Deux femmes, debout près de moi, s'échangent des anecdotes sur leurs enfants. La plus âgée rayonne de fierté en évoquant le mariage de sa fille, que le régent Christopher Sulvan célébrera lui-même parque le futur mari est un Protecteur qui vient de monter en grade. J'étouffe un soupir en levant les yeux au plafond. Leur enthousiasme m'agace presque autant qu'il m'envie. Moi aussi, je rêve d'un avenir radieux, mais le mien me semble bien lointain.
Un peu plus loin, un couple murmure, mais la tension est palpable. La femme a les traits crispés, sa voix tremble alors qu'elle exprime son inquiétude pour leur fille, Cavalière, blessée lors d'une bataille. Le mari, furieux, grince des dents, réprimant un cri de colère. Elle n'aurait jamais dû se retrouver au front, dit-il. Elle est infirmière, pas combattante. Mais les ordres du capitaine en ont décidé autrement.
— Ces Sole, je te jure, gronde-t-il. On aurait dû tous les exterminer, comme ils l'ont fait avec ceux de Mary.

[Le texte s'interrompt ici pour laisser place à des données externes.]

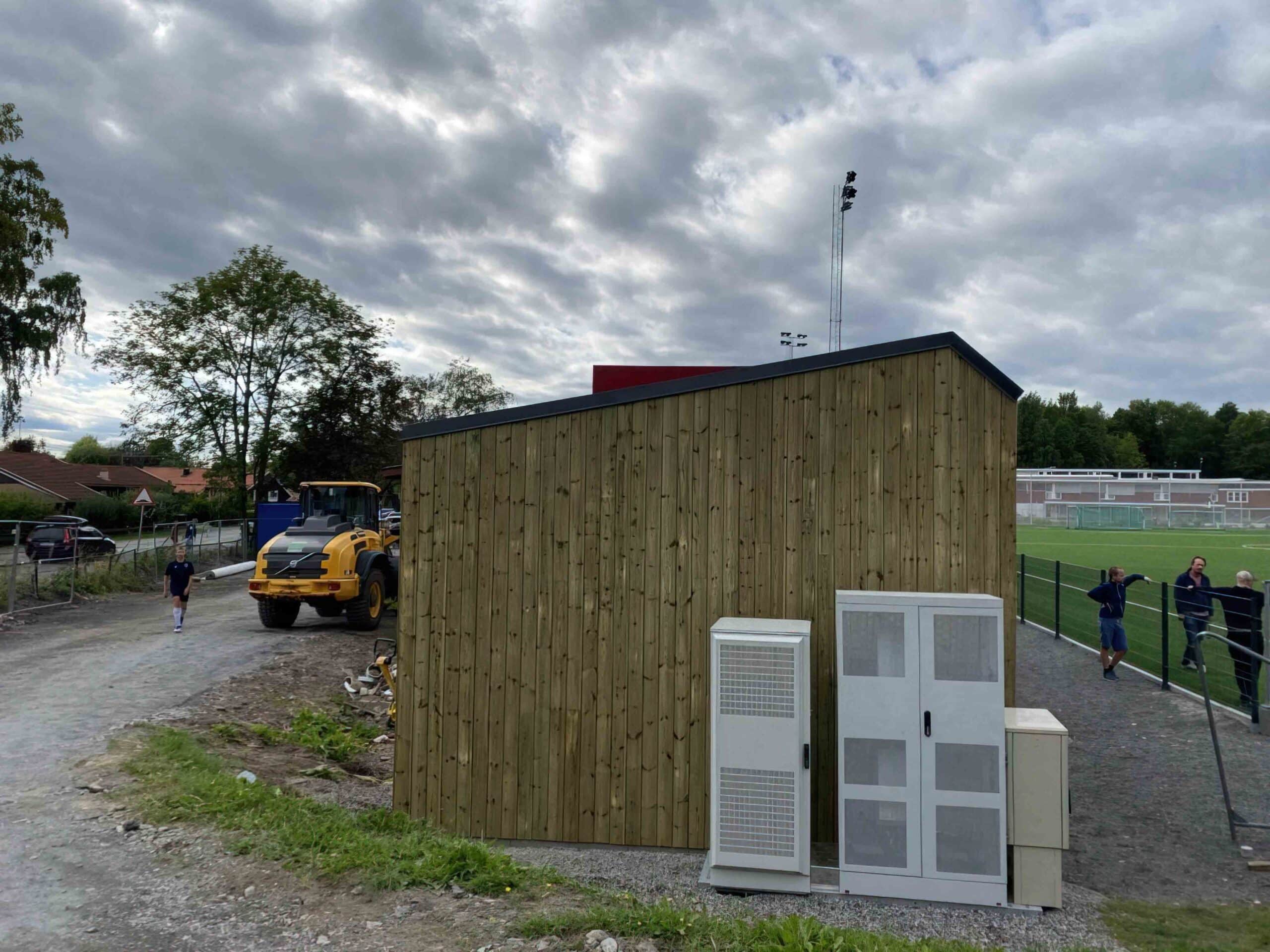 Sharpened IMG 5864 low res scale 4 00x scaled — Bærum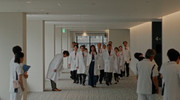 sukurinshotto-2025-07-08-185457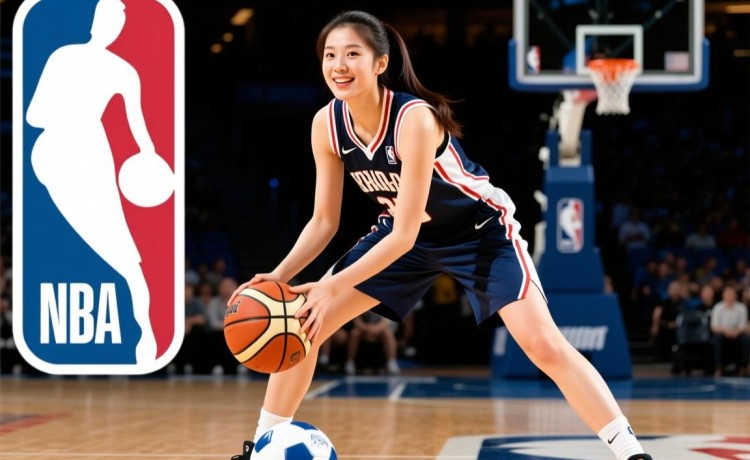 九球直播app官方版下载官网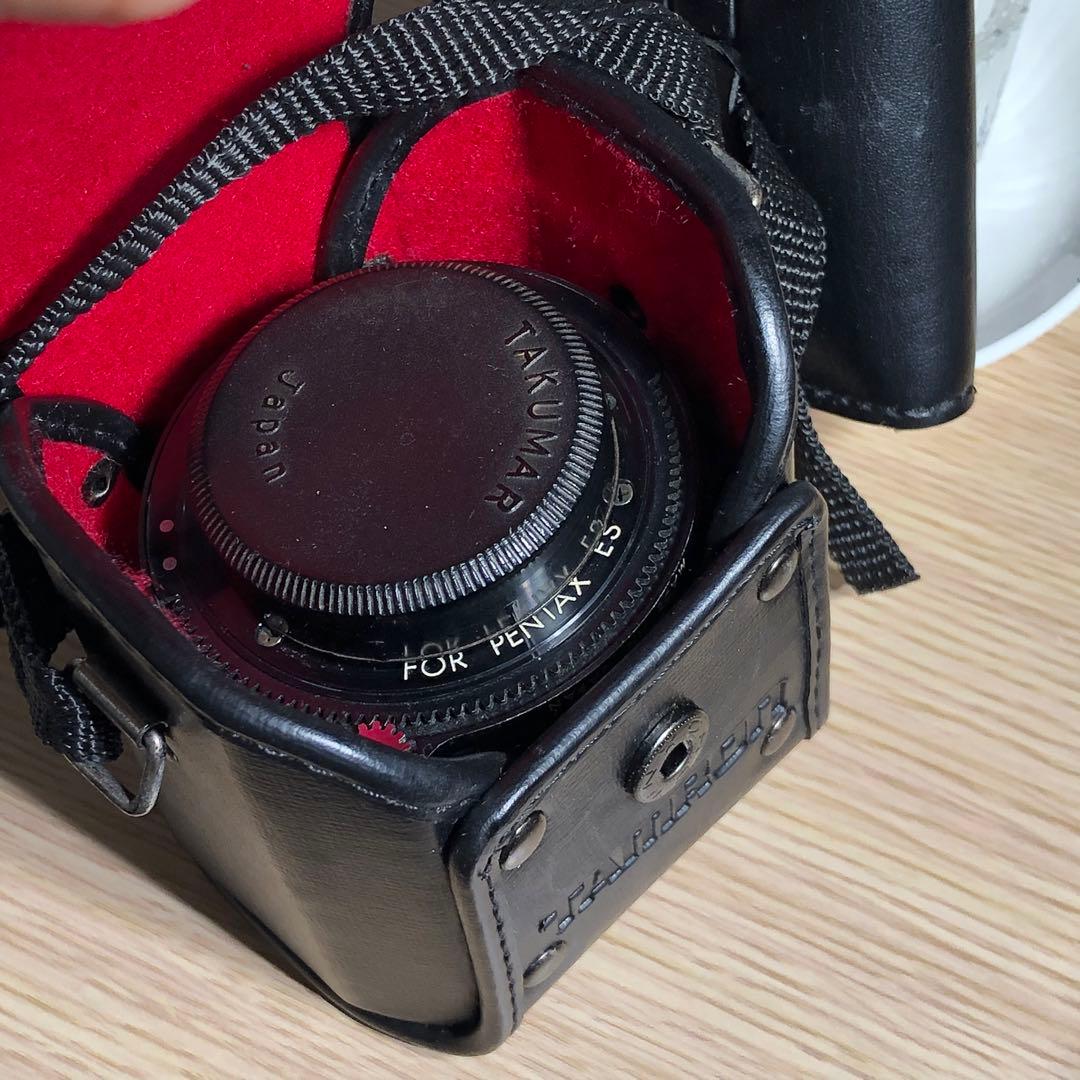 tamron 28mm f2.5 m42マウント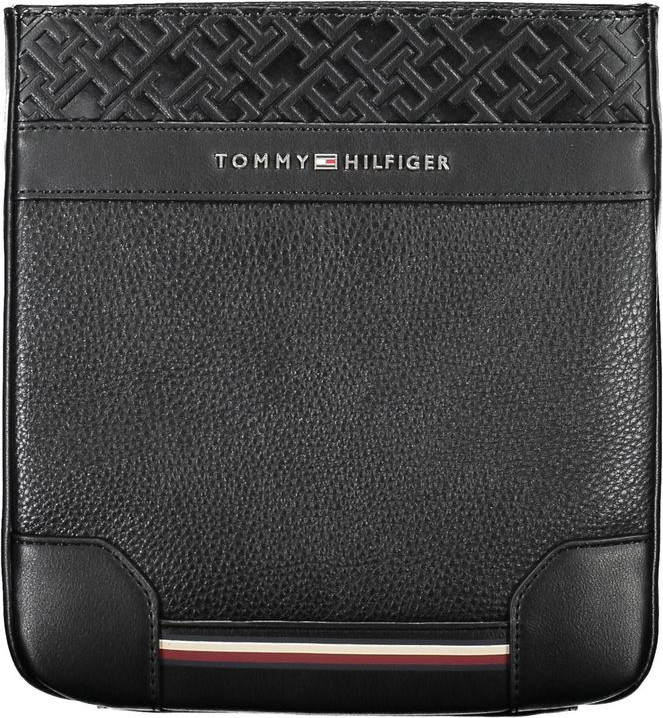 Сумка Tommy Hilfiger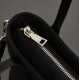 PRADA BAGS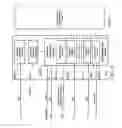 Fig. 04 - IP multimedia subsystem and method for MBMS file repair using HTTP servers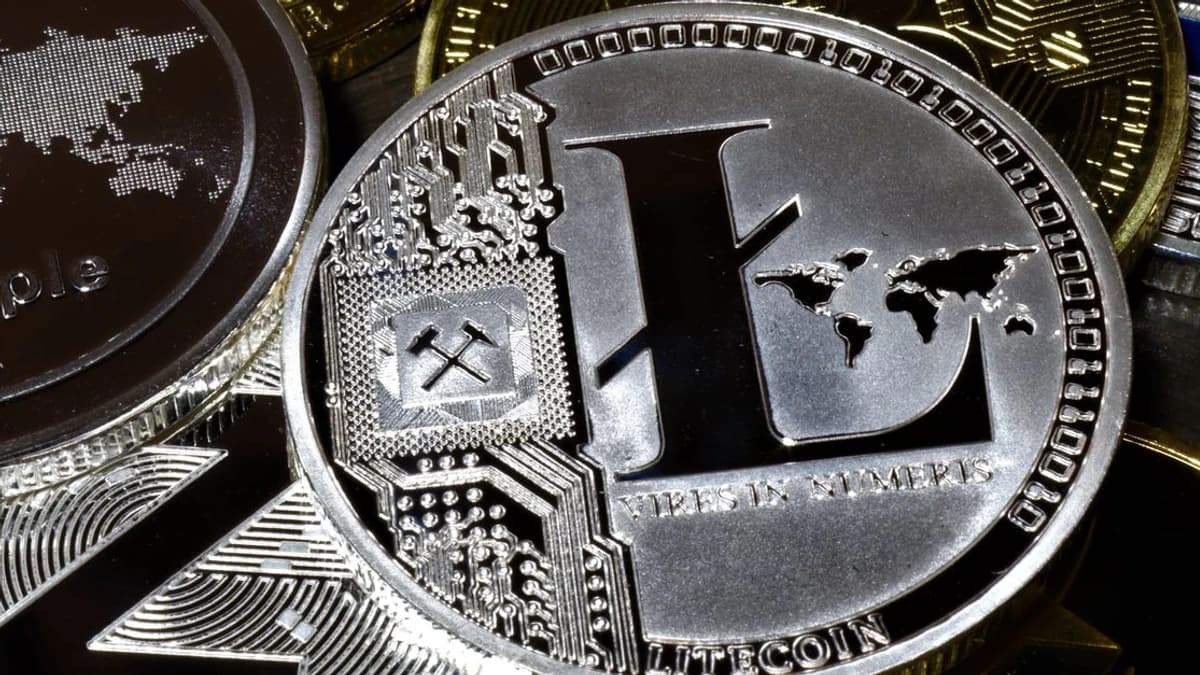 Inside Ethereum’s ETF Discussion — What It Means for Investors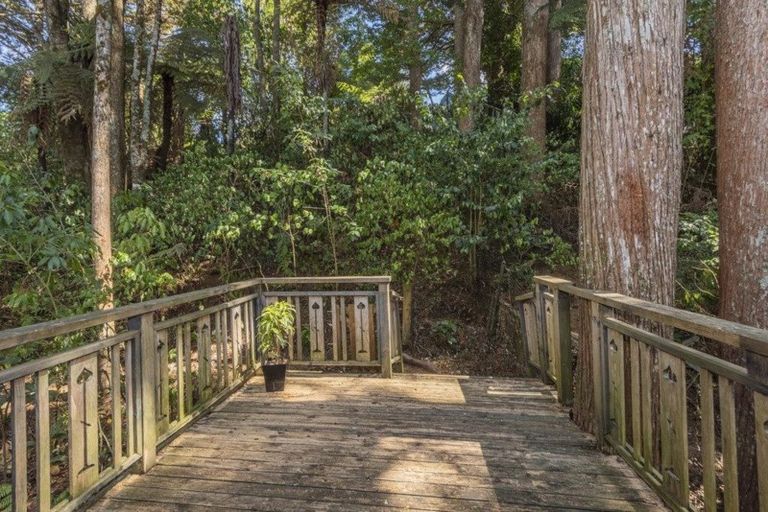 Photo of property in 15 Awa Glade Lane, Tikipunga, Whangarei, 0112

Je baisse les yeux, nouant mes doigts dans mes longs cheveux. Ces mots me hantent. Les Sole, nos ennemis de toujours. Nos semblables, mais divisés par des siècles de rancune. Trois stations ont quitté la Terre : Sole, Yuranese, et Mary. Trois arches spatiales, fruits de la coopération mondiale et de l'épuisement des ressources terrestres. Trois espoirs d'une humanité renaissante. Mais seuls deux d'entre elles ont atteint Capella C, et plutôt que de s'unir, elles se sont affrontées. La survie s'est muée en guerre.
— 2A4.
C'est mon étage. Je sors de la capsule en même temps que quelques passagers, laissant l'ascenseur poursuivre sa montée vers les zones interdites au public. En traversant l'anneau de mon secteur, je déconnecte mes magboots et marche d'un pas lourd vers chez moi. Mon appartement, minuscule mais fonctionnel, abrite mes parents depuis deux jours.
Des ermites. Voilà ce qu'ils sont. Des génies asociaux, bricoleurs de talent, mais trop peu conventionnels pour être intégrés au département de développement d'armement. Malgré tout, leurs inventions farfelues servent les soldats de la zone 1. Grâce à eux, nous avons le privilège de résider en zone 2. Pourtant, leur présence constante m'épuise. Quand je ne suis pas en cours, je m'occupe d'eux. Comment faisaient-ils avant ma naissance ? Mystère.
Je soupire, balayant ces pensées en entrant dans mon cocon. La station tourne toujours, imperturbable, mais mon esprit, lui, reste prisonnier de ce vide oppressant. Tout irait si bien... s'il n'y avait pas les Sole.